C’est quasiment impossible. L’une des techniques qu’ont les auteurs de sagas pour rassurer les lecteurs sur le fait que tout se passera bien, c’est de dire je sais déjà comment ça finit. C’est supposé nous faire croire que toutes les ellipses et éléments étranges de l’histoire sont voulus, parce que oui, il y a bien quelqu’un qui sait dans quelle direction on va. Sauf que les histoires sont compliquées. Elles se développent tout autant au fil de la plume qu’elles ne sont planifiées au départ. Avec un roman stand alone, ça n’est pas un problème : l’auteur écrit un brouillon, aplanit les points qui ne le satisfont pas dans son histoire, et le publie lorsqu’il se sent prêt. Mais en publiant chaque tome séparément, avant que les autres ne soient terminés, George R.R. Martin nous fait en quelque sorte lire son brouillon. Cela fait qu’il est impossible pour lui de revenir en arrière et de changer quelque chose qui ne va pas. Aucun des romans de cette série n’est vraiment maladroit ou ne manque de fignolage, mais tous les évènements qui s’y sont passés sont maintenant gravés dans le marbre. Alors si Martin se retrouve dans une ornière pour son intrigue, il ne pourra pas simplement la laisser de côté et y revenir plus tard. Il doit s’arrêter, et faire en sorte que ça fonctionne tout de suite. Avec chaque nouvelle intrigue dans la série, ça signifie qu’il a plus d’éléments à garder cohérents, plus de mots gravés dans le marbre sur lesquels il ne pourra pas revenir… Je suis sûr qu’il a une idée en tête pour la fin, mais qui sait si c’est la même que celle qu’il avait il y a quinze ans ? Et si oui, peut-il vraiment être sûr qu’elle convient, après tout ce qu’il a pu écrire ?

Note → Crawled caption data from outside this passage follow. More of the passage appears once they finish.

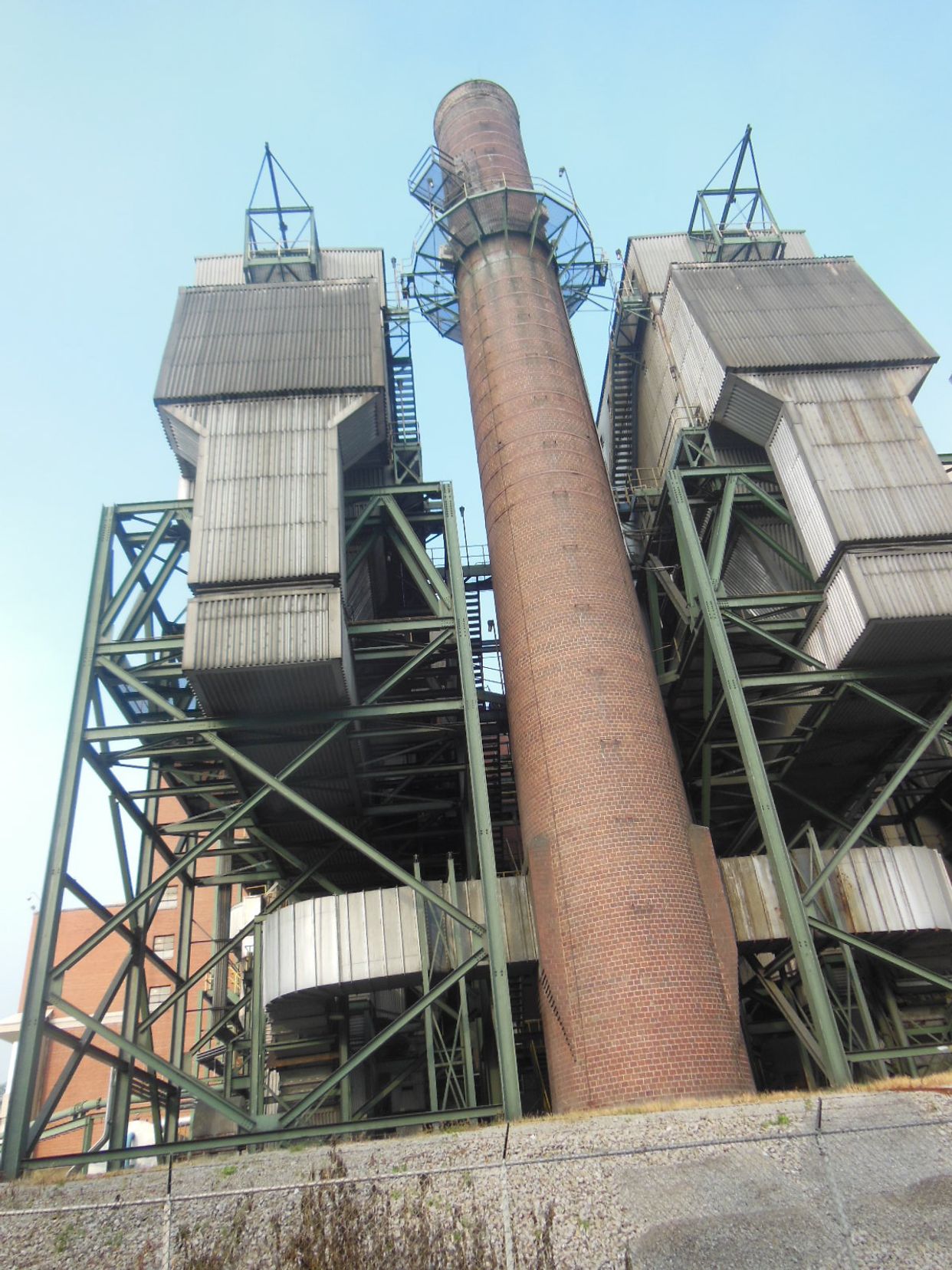 William C. Dale Power Station 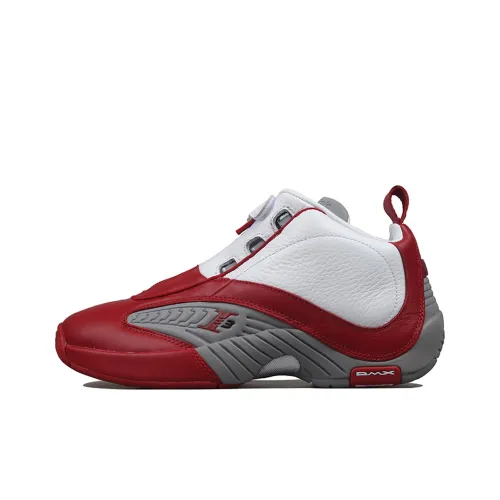 Reebok Answer4 Винтажные баскетбольные кроссовки Low Топ Мужской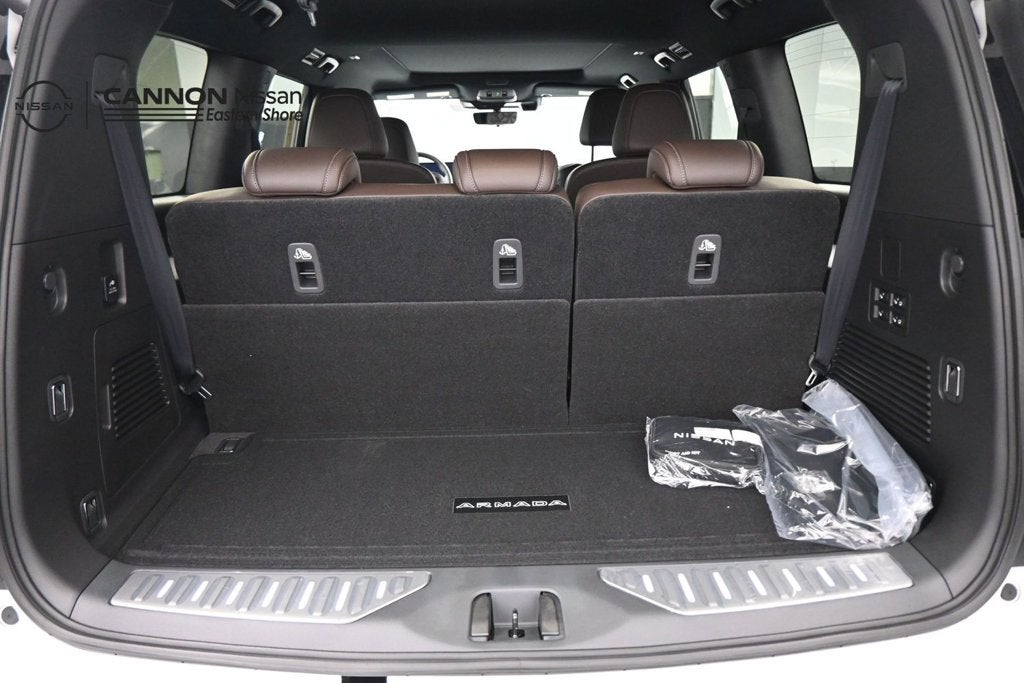 2026 Nissan Armada Platinum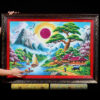 tranh da quy thuan buom xuoi gio tb106m4 21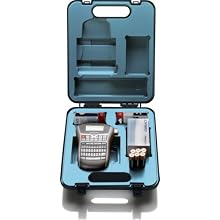 DYMO LM220P Portable Label Maker Kit (1738978)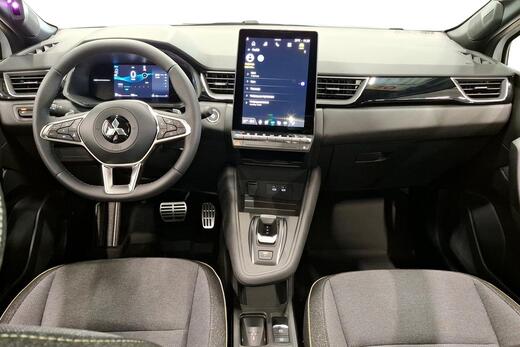 Mitsubishi ASX vaihtoauto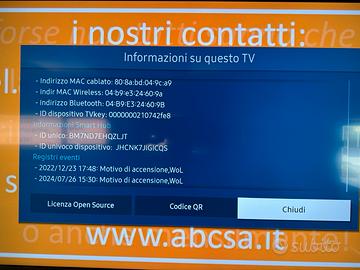 Samsung Business TV 43” profesionale serie BEA-H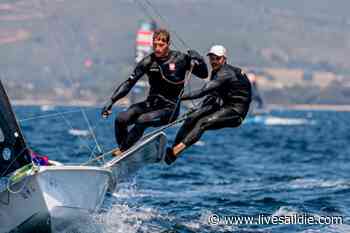 Italian Nacra wins coolest cats on the Cote D'Azur - Live Sail Die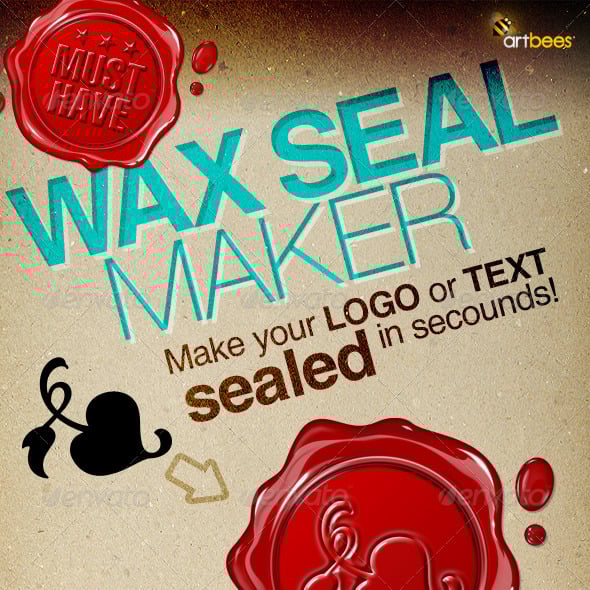 Sealing Graphics, Designs & Templates | GraphicRiver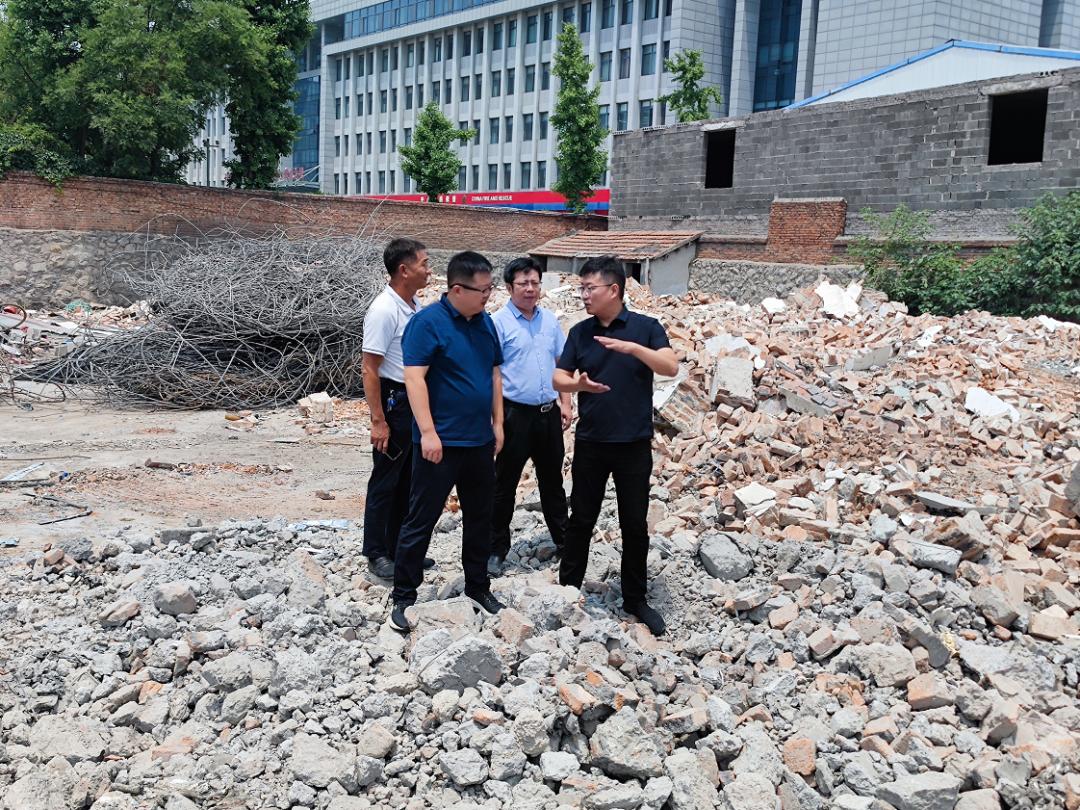 街道党政一把手这一周|2024.5.27—2024.6.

La seule solution pour les lecteurs est d’apprécier ce qu’on leur donne, quand on le leur donne. Neil Gaiman a eu raison de rappeler à chacun que les écrivains ne sont pas des machines. La quantité de travail que Martin ou tout autre artiste peut fournir n’est pas seulement une question de temps et de bonne volonté, et essayer de forcer les choses ne va rien y changer. On devrait vraiment juste se préparer psychologiquement au sentiment d’abandon que ne manquera pas d’apporter la fin, quelle qu’elle soit. Même si Martin réussit son coup, qu’il parvient à nous la donner exactement comme il l’avait promis, ça ne suffira pas. Le grand paradoxe des sagas de fantasy, c’est qu’on n’en peut plus d’attendre la conclusion, mais qu’on voudrait qu’elles ne se terminent jamais.